Faciliter les échanges d'informations 

Les participants ont notamment travaillé sur les méthodes d'harmonisation des données rurales selon les standards définis par la SADC. Cette normalisation doit permettre d'assurer la compatibilité des bases de données nationales avec le portail régional développé par l'organisation sous-régionale. L'objectif est de faciliter les échanges d'informations entre les États membres et de disposer de données comparables à l'échelle régionale. Selon les responsables du programme, cette harmonisation devrait également contribuer à renforcer les capacités d'anticipation face aux crises alimentaires, aux catastrophes naturelles et aux effets du changement climatique. Des données actualisées et fiables permettent en effet d'identifier plus rapidement les zones vulnérables, de suivre l'évolution des productions agricoles et d'adapter les interventions publiques en conséquence.



D'après le ministère en charge de l'Agriculture, cette évolution devrait constituer un levier supplémentaire pour soutenir le développement du secteur agricole à Madagascar et améliorer la compétitivité des productions nationales sur les marchés régionaux.
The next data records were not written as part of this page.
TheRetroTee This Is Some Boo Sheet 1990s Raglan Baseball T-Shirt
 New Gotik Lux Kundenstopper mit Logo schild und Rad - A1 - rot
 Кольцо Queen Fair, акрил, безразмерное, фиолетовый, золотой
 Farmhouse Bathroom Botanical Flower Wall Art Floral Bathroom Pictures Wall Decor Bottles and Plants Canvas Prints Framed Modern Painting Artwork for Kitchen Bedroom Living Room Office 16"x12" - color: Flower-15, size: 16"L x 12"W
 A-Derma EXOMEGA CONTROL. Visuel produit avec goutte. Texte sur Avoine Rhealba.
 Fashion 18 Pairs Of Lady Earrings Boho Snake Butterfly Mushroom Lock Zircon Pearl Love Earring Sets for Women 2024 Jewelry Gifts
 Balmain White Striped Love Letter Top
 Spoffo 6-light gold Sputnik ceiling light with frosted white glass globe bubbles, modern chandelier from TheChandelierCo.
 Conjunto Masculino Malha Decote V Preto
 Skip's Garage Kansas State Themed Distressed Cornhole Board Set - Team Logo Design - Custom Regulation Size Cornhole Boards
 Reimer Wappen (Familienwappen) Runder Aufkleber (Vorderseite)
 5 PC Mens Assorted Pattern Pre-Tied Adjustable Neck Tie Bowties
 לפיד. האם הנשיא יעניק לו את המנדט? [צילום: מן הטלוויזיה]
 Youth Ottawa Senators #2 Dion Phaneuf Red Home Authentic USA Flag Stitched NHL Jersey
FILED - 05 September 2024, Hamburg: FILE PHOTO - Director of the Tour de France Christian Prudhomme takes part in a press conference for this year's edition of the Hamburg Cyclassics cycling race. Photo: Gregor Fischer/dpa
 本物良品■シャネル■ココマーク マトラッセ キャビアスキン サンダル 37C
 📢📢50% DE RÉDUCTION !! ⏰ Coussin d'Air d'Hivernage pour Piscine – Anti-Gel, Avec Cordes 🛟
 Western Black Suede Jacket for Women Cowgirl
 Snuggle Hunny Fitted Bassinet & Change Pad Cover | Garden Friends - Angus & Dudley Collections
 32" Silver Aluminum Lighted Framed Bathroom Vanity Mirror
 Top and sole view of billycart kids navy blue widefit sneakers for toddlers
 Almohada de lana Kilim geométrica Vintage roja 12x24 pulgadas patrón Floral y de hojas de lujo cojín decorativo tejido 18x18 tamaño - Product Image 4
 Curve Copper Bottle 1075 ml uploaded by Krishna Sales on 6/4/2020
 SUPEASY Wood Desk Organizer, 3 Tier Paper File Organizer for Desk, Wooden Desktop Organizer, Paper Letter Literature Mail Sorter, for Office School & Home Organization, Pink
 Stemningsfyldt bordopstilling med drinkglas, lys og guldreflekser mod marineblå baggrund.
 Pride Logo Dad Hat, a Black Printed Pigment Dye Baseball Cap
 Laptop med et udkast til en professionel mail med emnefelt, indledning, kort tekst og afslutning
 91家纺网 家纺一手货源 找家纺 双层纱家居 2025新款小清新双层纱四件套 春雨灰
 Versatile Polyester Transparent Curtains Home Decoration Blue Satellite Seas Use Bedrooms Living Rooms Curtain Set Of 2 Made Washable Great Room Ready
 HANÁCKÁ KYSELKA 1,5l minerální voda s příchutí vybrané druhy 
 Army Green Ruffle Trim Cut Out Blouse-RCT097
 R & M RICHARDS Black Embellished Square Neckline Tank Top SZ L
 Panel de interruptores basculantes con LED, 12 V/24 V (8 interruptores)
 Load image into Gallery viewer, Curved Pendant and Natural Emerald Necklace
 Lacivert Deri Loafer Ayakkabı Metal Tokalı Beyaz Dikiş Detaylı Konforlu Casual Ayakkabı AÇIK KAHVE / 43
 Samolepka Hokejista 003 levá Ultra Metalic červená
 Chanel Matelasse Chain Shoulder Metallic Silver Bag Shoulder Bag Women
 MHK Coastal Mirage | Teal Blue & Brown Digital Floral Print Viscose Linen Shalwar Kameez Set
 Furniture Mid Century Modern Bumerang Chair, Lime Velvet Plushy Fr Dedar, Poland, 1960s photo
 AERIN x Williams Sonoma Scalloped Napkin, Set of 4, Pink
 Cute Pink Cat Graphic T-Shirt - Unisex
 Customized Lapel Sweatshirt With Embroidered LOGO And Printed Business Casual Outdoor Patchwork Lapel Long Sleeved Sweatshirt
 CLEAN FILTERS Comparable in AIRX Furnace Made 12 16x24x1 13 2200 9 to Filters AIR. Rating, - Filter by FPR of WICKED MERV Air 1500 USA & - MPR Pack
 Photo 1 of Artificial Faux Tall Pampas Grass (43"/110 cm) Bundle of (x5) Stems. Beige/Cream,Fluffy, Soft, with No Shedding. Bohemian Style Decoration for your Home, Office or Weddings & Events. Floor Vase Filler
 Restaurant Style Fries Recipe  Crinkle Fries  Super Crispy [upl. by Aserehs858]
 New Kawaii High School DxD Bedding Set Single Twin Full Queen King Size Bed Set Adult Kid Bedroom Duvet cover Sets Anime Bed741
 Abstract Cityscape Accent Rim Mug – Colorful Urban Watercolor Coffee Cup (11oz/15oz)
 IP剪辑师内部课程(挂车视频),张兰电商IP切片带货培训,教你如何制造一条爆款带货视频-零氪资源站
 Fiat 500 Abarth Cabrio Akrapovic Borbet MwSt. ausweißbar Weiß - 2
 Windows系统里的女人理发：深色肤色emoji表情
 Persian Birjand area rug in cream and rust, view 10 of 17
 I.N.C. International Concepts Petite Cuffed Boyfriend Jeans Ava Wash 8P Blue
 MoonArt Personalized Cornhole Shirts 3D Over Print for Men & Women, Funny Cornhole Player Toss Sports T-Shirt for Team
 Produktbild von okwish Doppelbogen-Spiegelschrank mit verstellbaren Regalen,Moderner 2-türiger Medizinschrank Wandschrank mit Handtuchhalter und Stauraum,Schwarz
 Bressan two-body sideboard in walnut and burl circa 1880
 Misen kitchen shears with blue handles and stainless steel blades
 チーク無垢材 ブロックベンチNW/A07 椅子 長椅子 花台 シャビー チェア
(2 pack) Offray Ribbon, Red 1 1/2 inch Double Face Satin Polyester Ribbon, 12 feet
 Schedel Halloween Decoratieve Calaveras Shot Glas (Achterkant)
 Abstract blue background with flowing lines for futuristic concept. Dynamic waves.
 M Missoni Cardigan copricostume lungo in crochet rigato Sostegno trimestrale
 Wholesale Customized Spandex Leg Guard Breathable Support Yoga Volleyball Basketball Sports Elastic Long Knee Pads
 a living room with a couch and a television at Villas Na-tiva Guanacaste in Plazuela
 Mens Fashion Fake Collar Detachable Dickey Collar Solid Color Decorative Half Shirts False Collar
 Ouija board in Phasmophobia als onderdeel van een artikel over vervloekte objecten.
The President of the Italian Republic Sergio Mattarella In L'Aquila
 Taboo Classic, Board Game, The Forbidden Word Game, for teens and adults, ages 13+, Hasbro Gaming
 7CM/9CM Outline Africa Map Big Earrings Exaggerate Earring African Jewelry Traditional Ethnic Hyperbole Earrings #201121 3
À l'issue de cette phase de renforcement des capacités, les institutions concernées devront poursuivre le travail de structuration des bases de données nationales. L'un des objectifs fixés consiste à nettoyer, organiser et intégrer au moins 70 % des jeux de données agricoles disponibles dans la plateforme régionale de la SADC. Cette étape doit favoriser une meilleure circulation de l'information entre les administrations nationales et les institutions régionales. L'amélioration de la qualité des statistiques agricoles présente également des enjeux économiques. Des données harmonisées et transparentes sont susceptibles de faciliter les échanges commerciaux entre les pays membres de la SADC en offrant une meilleure visibilité sur les niveaux de production, les disponibilités agricoles et l'évolution des marchés. Elles peuvent également contribuer à renforcer la confiance des partenaires techniques et financiers dans les systèmes nationaux d'information.


D'après le ministère en charge de l'Agriculture, cette évolution devrait constituer un levier supplémentaire pour soutenir le développement du secteur agricole à Madagascar et améliorer la compétitivité des productions nationales sur les marchés régionaux. La disponibilité de données fiables est en effet considérée comme un élément essentiel pour orienter les investissements, accompagner les producteurs et élaborer des politiques adaptées aux réalités du terrain. "En misant sur la formation des cadres techniques, l'intégration des outils numériques et l'harmonisation des données selon les normes régionales, elles visent à améliorer le pilotage du secteur agricole et à disposer d'informations plus robustes pour soutenir les décisions publiques en matière de sécurité alimentaire, de développement rural et de coopération régionale", a aussi indiqué le ministère.